### Task details:
Return the data. Every word must match.

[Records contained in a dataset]
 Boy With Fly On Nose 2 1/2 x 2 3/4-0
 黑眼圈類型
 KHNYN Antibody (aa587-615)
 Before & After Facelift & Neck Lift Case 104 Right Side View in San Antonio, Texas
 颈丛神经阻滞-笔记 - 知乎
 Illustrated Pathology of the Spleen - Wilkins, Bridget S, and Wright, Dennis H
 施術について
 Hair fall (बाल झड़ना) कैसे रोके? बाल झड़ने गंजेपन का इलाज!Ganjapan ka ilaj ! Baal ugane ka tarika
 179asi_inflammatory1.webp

### Exercise answer:
 Boy With Fly On Nose 2 1/2 x 2 3/4-0
 黑眼圈類型
 KHNYN Antibody (aa587-615)
 Before & After Facelift & Neck Lift Case 104 Right Side View in San Antonio, Texas
 颈丛神经阻滞-笔记 - 知乎
 Illustrated Pathology of the Spleen - Wilkins, Bridget S, and Wright, Dennis H
 施術について
 Hair fall (बाल झड़ना) कैसे रोके? बाल झड़ने गंजेपन का इलाज!Ganjapan ka ilaj ! Baal ugane ka tarika
 179asi_inflammatory1.webp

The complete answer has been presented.